TASK INPUT:
= = = = =

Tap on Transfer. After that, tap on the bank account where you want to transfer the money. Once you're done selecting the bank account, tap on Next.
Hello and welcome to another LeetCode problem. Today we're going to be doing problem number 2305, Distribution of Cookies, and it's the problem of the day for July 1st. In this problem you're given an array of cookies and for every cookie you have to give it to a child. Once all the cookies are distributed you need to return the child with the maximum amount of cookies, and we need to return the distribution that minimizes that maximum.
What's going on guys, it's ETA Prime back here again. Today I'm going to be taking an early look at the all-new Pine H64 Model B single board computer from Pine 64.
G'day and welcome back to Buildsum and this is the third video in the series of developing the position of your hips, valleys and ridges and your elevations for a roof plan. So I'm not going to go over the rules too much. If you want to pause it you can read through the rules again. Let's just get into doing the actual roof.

= = = = =

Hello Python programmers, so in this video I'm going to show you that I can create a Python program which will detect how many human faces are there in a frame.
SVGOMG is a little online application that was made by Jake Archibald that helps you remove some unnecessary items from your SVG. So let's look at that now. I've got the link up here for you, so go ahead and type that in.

= = = = =

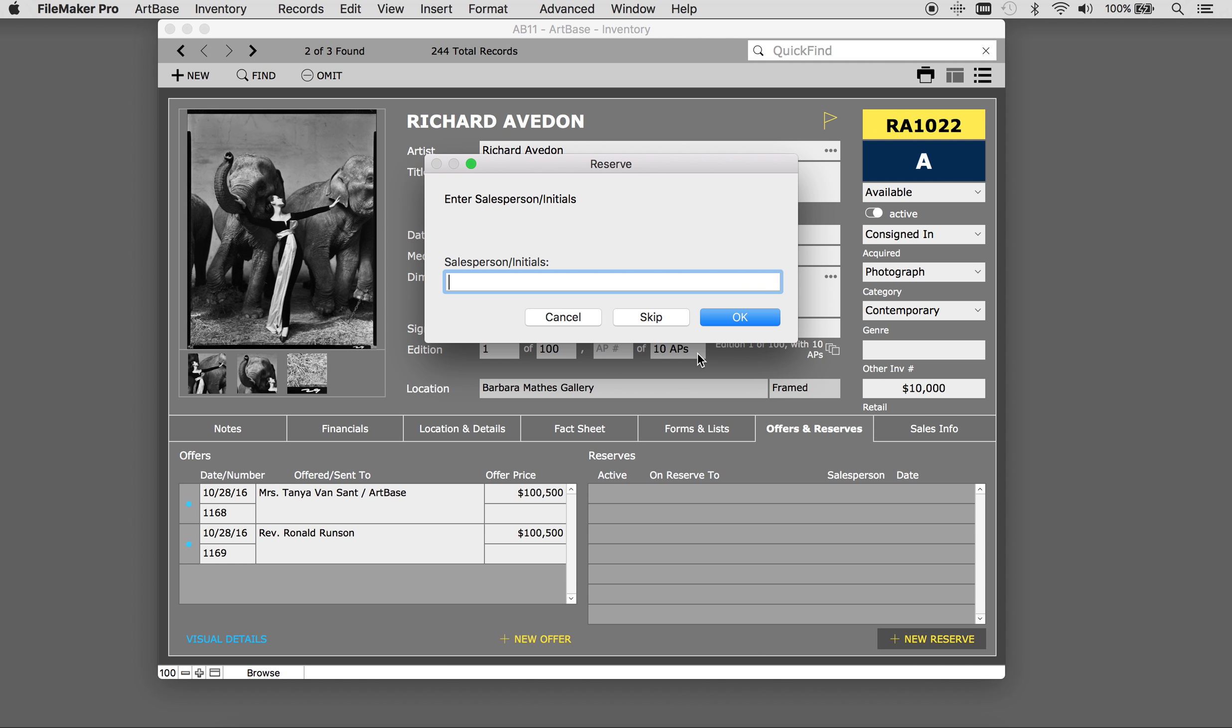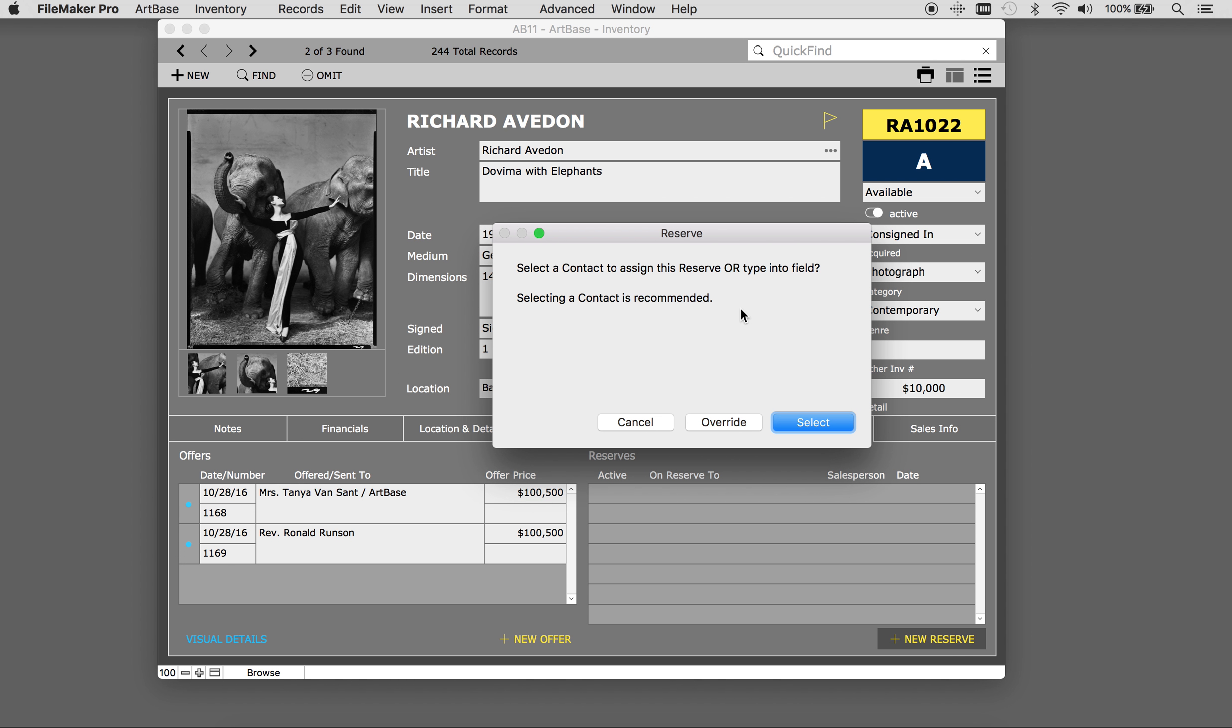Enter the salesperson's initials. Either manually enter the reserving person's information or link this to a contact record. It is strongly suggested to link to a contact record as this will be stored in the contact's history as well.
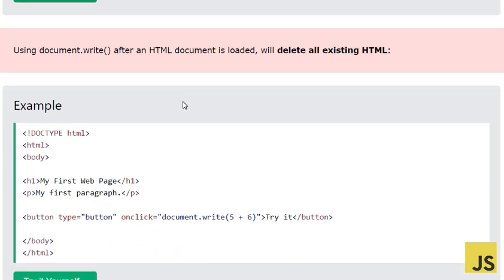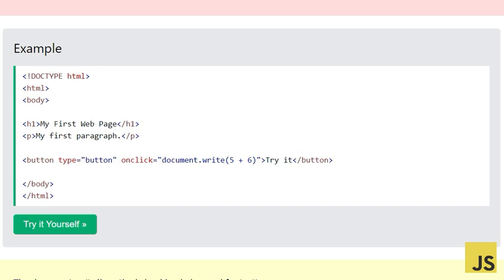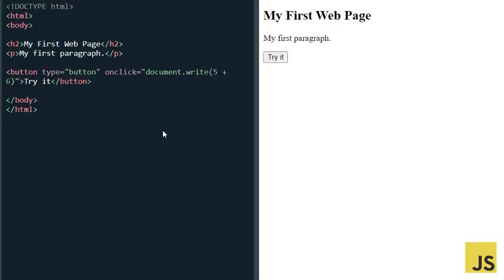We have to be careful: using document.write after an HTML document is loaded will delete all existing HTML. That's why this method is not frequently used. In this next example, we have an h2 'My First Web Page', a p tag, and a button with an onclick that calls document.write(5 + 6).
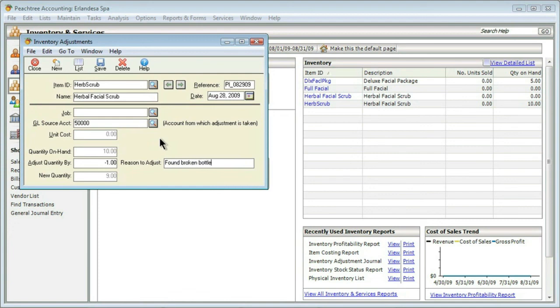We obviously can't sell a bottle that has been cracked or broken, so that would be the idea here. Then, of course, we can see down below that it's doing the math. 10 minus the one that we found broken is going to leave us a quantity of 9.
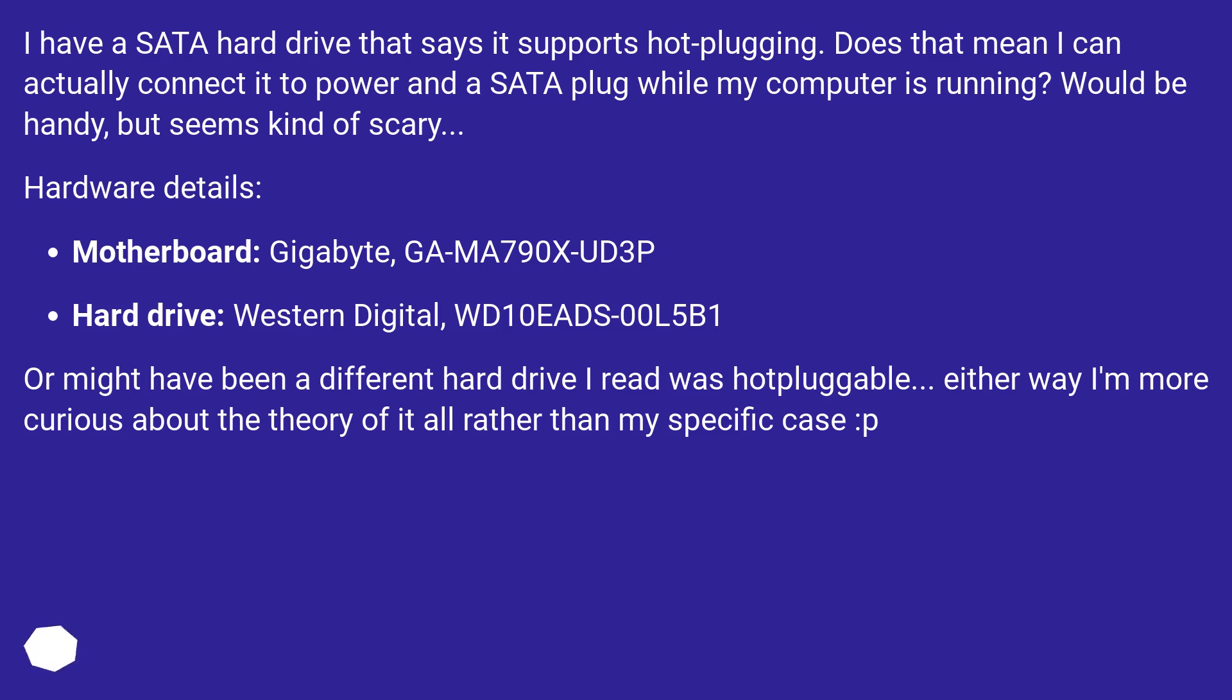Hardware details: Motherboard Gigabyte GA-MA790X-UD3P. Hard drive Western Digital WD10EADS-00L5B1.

= = = = =

REQUIREMENT: What do the lines above say from the one containing "Tap on Transfer." down to the one containing "G'day and welcome"? Return them exactly, both end lines included, and only them.

WORKED SOLUTION:
Tap on Transfer. After that, tap on the bank account where you want to transfer the money. Once you're done selecting the bank account, tap on Next.
Hello and welcome to another LeetCode problem. Today we're going to be doing problem number 2305, Distribution of Cookies, and it's the problem of the day for July 1st. In this problem you're given an array of cookies and for every cookie you have to give it to a child. Once all the cookies are distributed you need to return the child with the maximum amount of cookies, and we need to return the distribution that minimizes that maximum.
What's going on guys, it's ETA Prime back here again. Today I'm going to be taking an early look at the all-new Pine H64 Model B single board computer from Pine 64.
G'day and welcome back to Buildsum and this is the third video in the series of developing the position of your hips, valleys and ridges and your elevations for a roof plan. So I'm not going to go over the rules too much. If you want to pause it you can read through the rules again. Let's just get into doing the actual roof.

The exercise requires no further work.